(Supplied material begins)
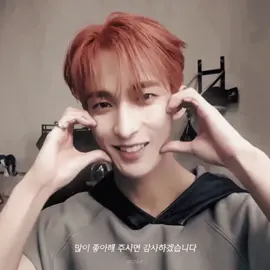 love him so bad | #dk #dkedit #dkseventeen #dokeyom #seventeen #fyp #foryou #foryoupage #edit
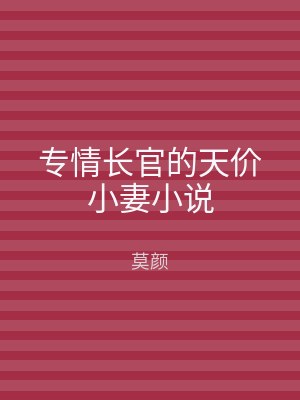 专情长官的天价小妻小说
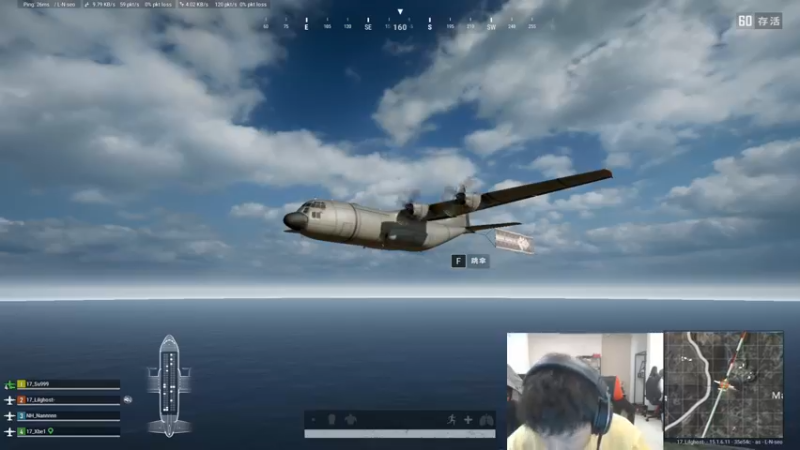 【2022-01-06 02点场】17小鬼丷：《FPP地板砖》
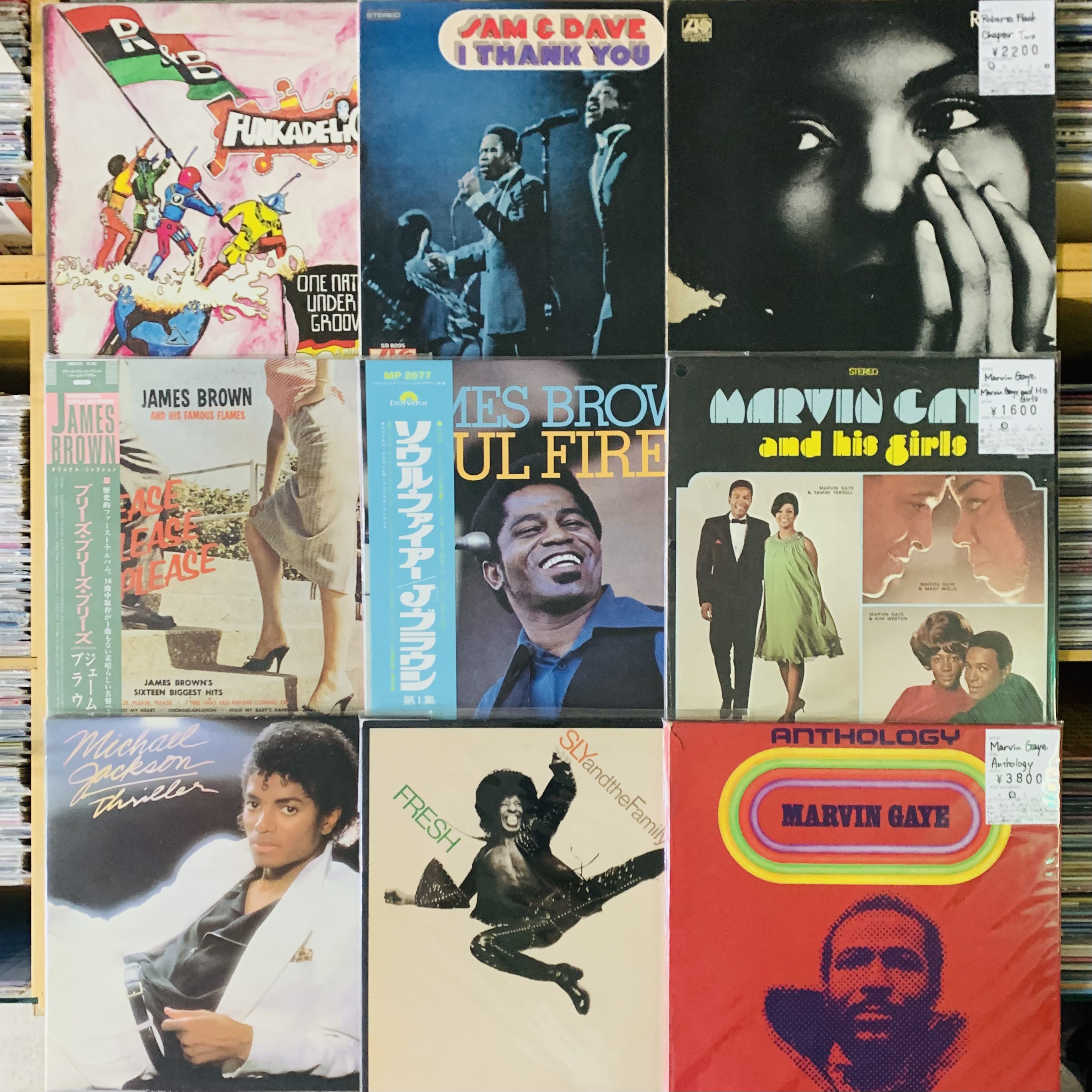 9月4週目 新入荷 レコード ソウル R&B 国内ロック 海外ロック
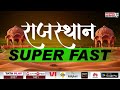 top 10 news राजस्थान राज्य की 10 बड़ी खबरें news 21 rajasthan superfast rajasthan top 10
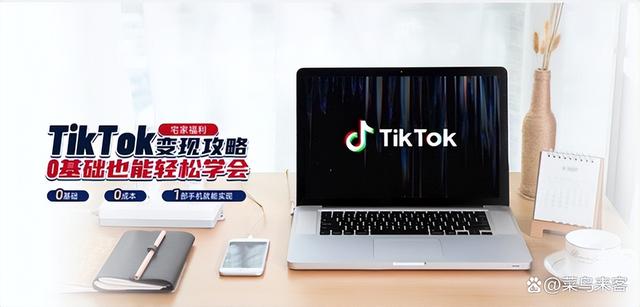 Tiktok中國，tiktok國內(nèi)可用？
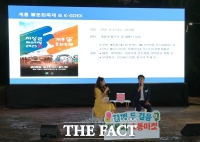  계룡시, '2025 함께 두 걸음, 소통마켓' 마무리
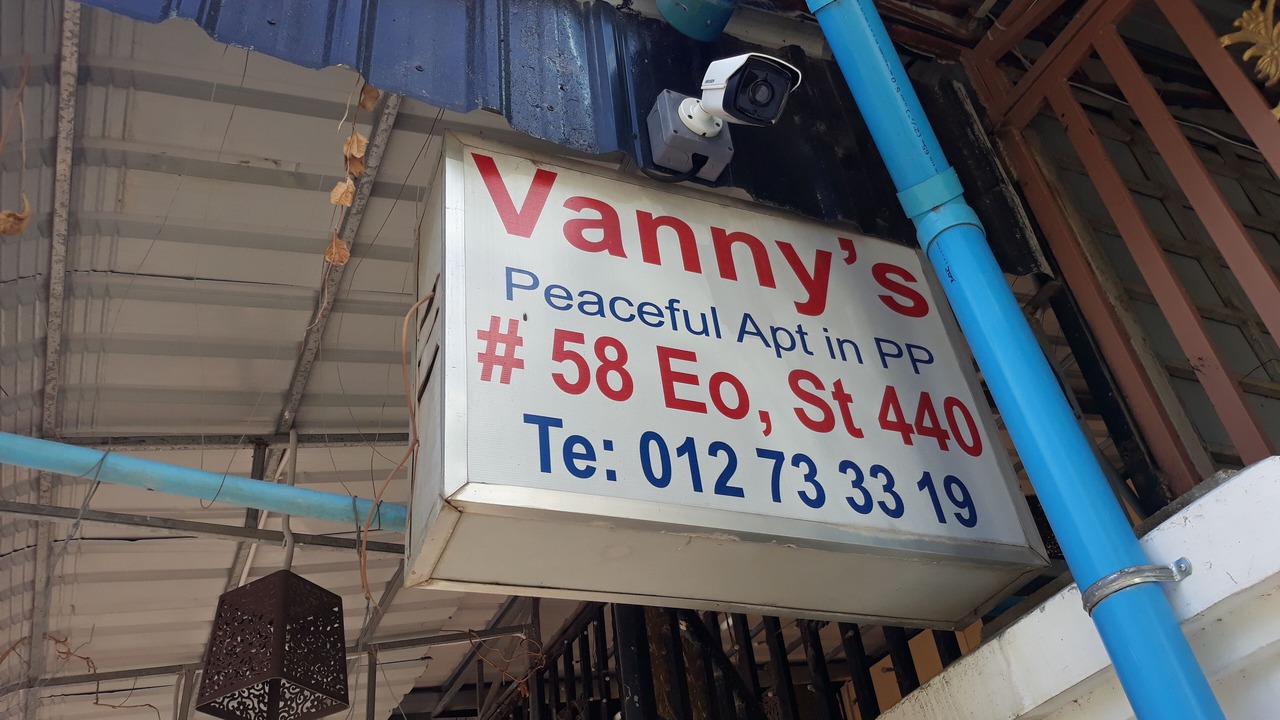 Photo of Others in Chamkar Mon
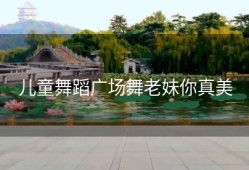 儿童舞蹈广场舞老妹你真美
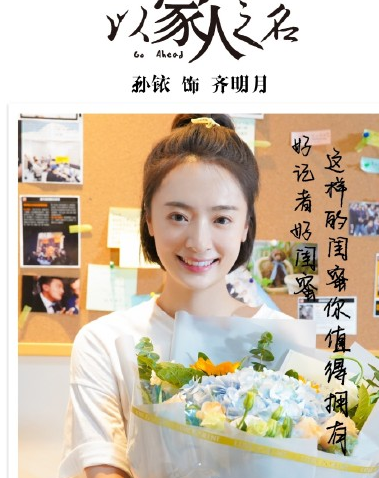 以家人之名齊明月結局是什么 齊明月喜歡賀子秋嗎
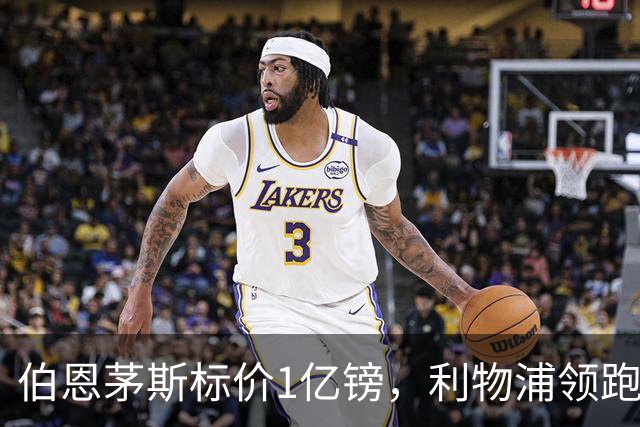 伯恩茅斯标价1亿镑，利物浦领跑斯科特争夺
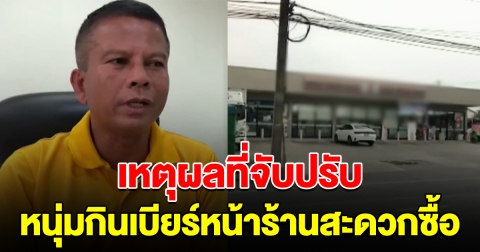 ตำรวจแจงแล้ว เหตุผลที่จับปรับ หนุ่มนั่งกินเบียร์หน้าร้านสะดวกซื้อ
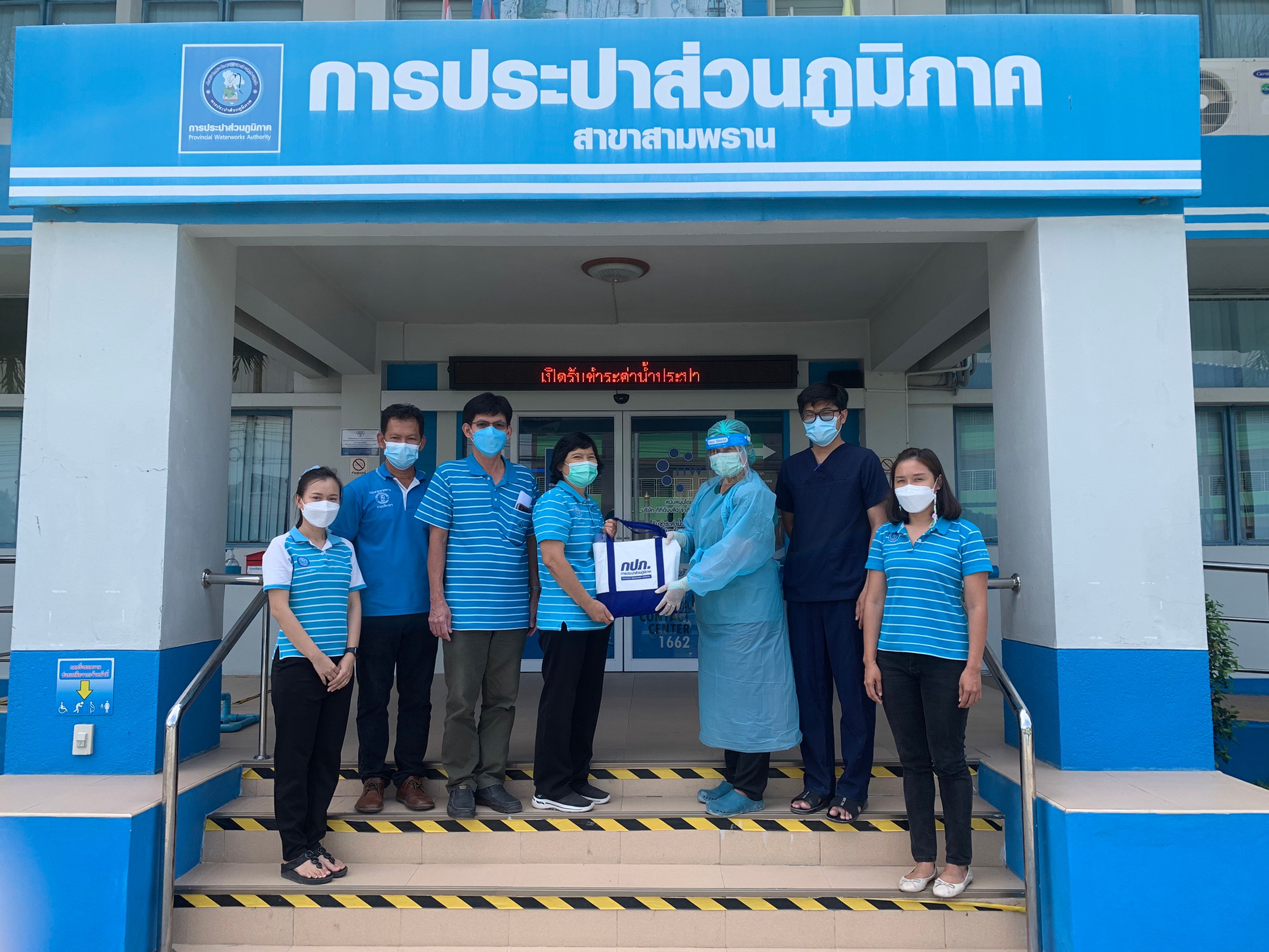 กปภ.สาขาสามพราน รับการตรวจคัดกรองหาเชื้อไวรัสโคโรน่า เพื่อสร้างความเชื่อมั่นแก่ลูกค้าที่เข้ามาใช้บริการ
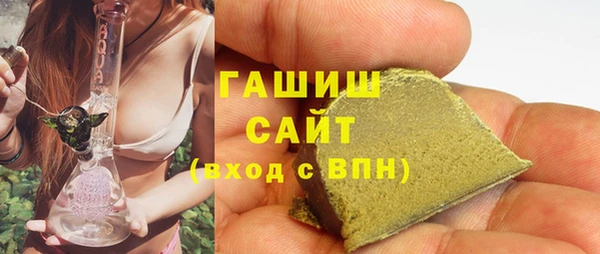 прущий лед Михайлов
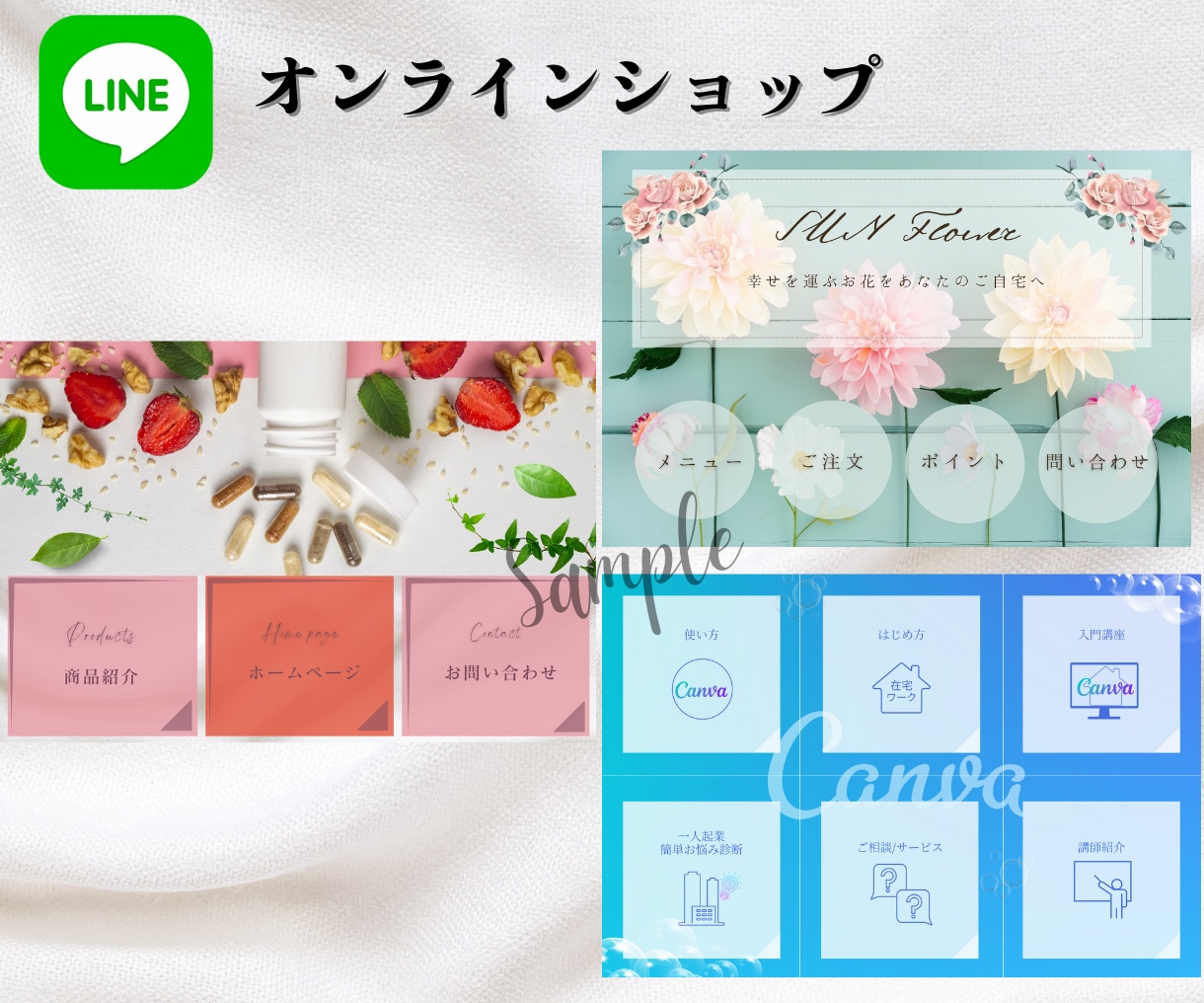 LINEリッチメニューを3日で納品します ～サービスイメージを活かしたデザインで公式LINEをお手伝い イメージ6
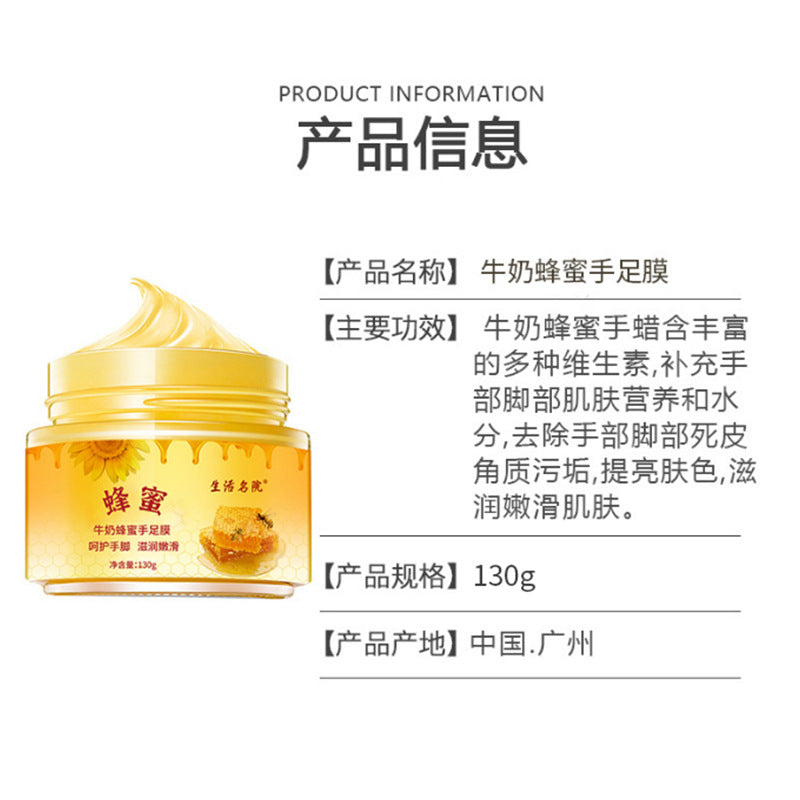 蜜蜡养护手脚膜蜂蜜滋润嫩滑保湿去死皮淡化细纹手膜滋润保湿手膜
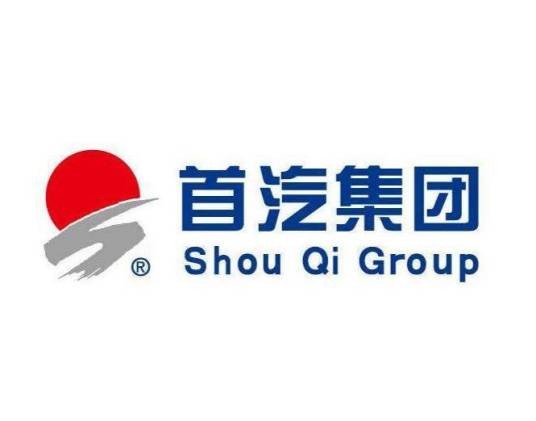 北京首汽（集团）股份有限公司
(Supplied material ends)
-- Task instructions --
Transcribe each entry above exactly, apart from the pictures.

-- Answer to this task --
 love him so bad | #dk #dkedit #dkseventeen #dokeyom #seventeen #fyp #foryou #foryoupage #edit
 专情长官的天价小妻小说
 【2022-01-06 02点场】17小鬼丷：《FPP地板砖》
 9月4週目 新入荷 レコード ソウル R&B 国内ロック 海外ロック
 top 10 news राजस्थान राज्य की 10 बड़ी खबरें news 21 rajasthan superfast rajasthan top 10
 Tiktok中國，tiktok國內(nèi)可用？
  계룡시, '2025 함께 두 걸음, 소통마켓' 마무리
 Photo of Others in Chamkar Mon
 儿童舞蹈广场舞老妹你真美
 以家人之名齊明月結局是什么 齊明月喜歡賀子秋嗎
 伯恩茅斯标价1亿镑，利物浦领跑斯科特争夺
 ตำรวจแจงแล้ว เหตุผลที่จับปรับ หนุ่มนั่งกินเบียร์หน้าร้านสะดวกซื้อ
 กปภ.สาขาสามพราน รับการตรวจคัดกรองหาเชื้อไวรัสโคโรน่า เพื่อสร้างความเชื่อมั่นแก่ลูกค้าที่เข้ามาใช้บริการ
 прущий лед Михайлов
 LINEリッチメニューを3日で納品します ～サービスイメージを活かしたデザインで公式LINEをお手伝い イメージ6
 蜜蜡养护手脚膜蜂蜜滋润嫩滑保湿去死皮淡化细纹手膜滋润保湿手膜
 北京首汽（集团）股份有限公司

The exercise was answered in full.